“ Çocuğum kitap okumayı sevmiyor.” Son zamanlarda bu cümle tüm anne ve babaların dilinde dolanıp duruyor. Bu cümlenin üzerine insanın sorası geliyor : “Okumayı sevdirecek ne yaptınız?” Daha çarpıcı bir soru: “ Siz kitap okumayı seviyor musunuz?” Çocuklarınız iyi bir okuyucu henüz olmayabilirler fakat onlar iyi bir izleyiciler. Eğitimde Vygotsky buna “yakınsal gelişim alanı” der. Bu kuramda sosyal öğrenme önemlidir. Çocuğunuza bakmak bazen bir aynaya bakmaktır. Ona iyi bir rol model misiniz? Yani demem o ki çocuğunuzun alışkanlıkları size benzediğinde bundan hoşnut olacak mısınız?
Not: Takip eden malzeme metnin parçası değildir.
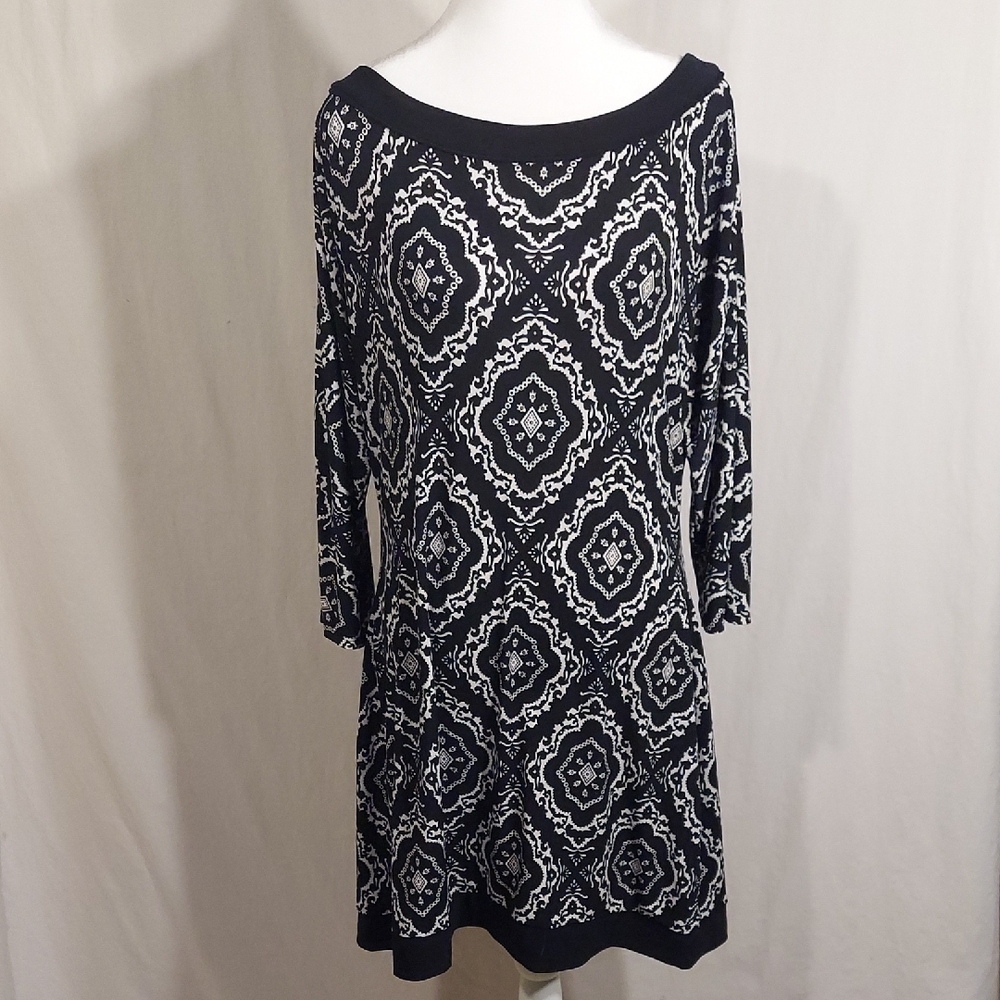 White House Black Market Black and White Geometric Dress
Elde ettiğimiz soru daha doğru bir tabirle sorunlar bunlar. Şimdi hep birlikte bu sorunların üzerine gitme vaktidir.

Zamane çocukları/gençleri deyip geçiyoruz geleceğimizin emanetçilerine. Geçmeyelim! Çünkü ortaya çıkan tablo hayli üzücü olmakta. İsterseniz bu tabloyu birlikte inceleyelim. Anadillerindeki sözcük dağarcıkları hayli kısıtlı ve bu kısıtlı sözcük dağarcığının büyük bölümünü (ilk başta söylerken kahkahalar attığımız fakat toplum içinde söylediğinde hoşlanmadığımız)argo diye tabir ettiğimiz sözcükler oluşturuyor. İletişim sıkıntıları var. Estetik algıları yok denilecek az ve eleştiri kabiliyetleri gelişmemiş. Peki, bunların en büyük nedeninin nitelikli çocuk kitaplarıyla tanıştırılmamış olduğunu söylesem. Çocukken Gülten Dayıoğlu, Muzaffer İzgü, Ömer Seyfettin gibi isimlerle tanıştıramadığımız çocukların ilk iletişimi youtuber abileri/ablaları ile oluyor. Hiç tanımadığınız hatta yüzünü dahi görmediğiniz kişilerin çocuğunuzu yetiştirdiğini düşünelim. Kâbus gibi değil mi? Kâbus değil aksine gerçeğin ta kendisi. Youtuber abi/ablaları tüm yaşamını bir kanala aktarıyor, çocuğunuz da büyük bir hayranlıkla izliyor daha da ileri giderek onları örnek alıyor. Çocukların yedikleri ve içtikleri kadar ne okuyup ne izlediğine de aynı hassasiyetle yaklaşmak gerek. Yanlış okumadınız evet okudukları dedim. Aslında bu cümle bir soruyu da beraberinde getiriyor. Her kitap okunmalı mıdır? Yetişkinler için dahi “hayır” diyeceğimiz bir sorudur bu. Bir sonraki yazımda “nitelikli çocuk kitapları ve özellikleri” ile anne karnındaki süre de dahil gelişim süreçlerinde kitaba duydukları ihtiyaçları kelimelerimin yettiğince anlatacağım.

Ben bunları neden yazdım? Söyleyecek sözün olduğu halde susmanın vebali altına girmek istemediğim ve daha aydınlık yarınlarımız olsun diye yazdım ve yazacağım. Yazıma son verirken de referansımız olmadan adım dahi atamayacağımız şu günlerde ricamı kırmayıp ihtiyacımız olan duyarlılıkla geri dönüt veren Kapaklı Gazetesi’ne teşekkürü bir borç bilirim. Ben sizinle bildiklerimi değil, düşündüklerimi paylaşmaya geldim ve düşüncelerim yorumlarınıza açıktır. Siz de düşündüklerinizi benimle paylaşabilirsiniz.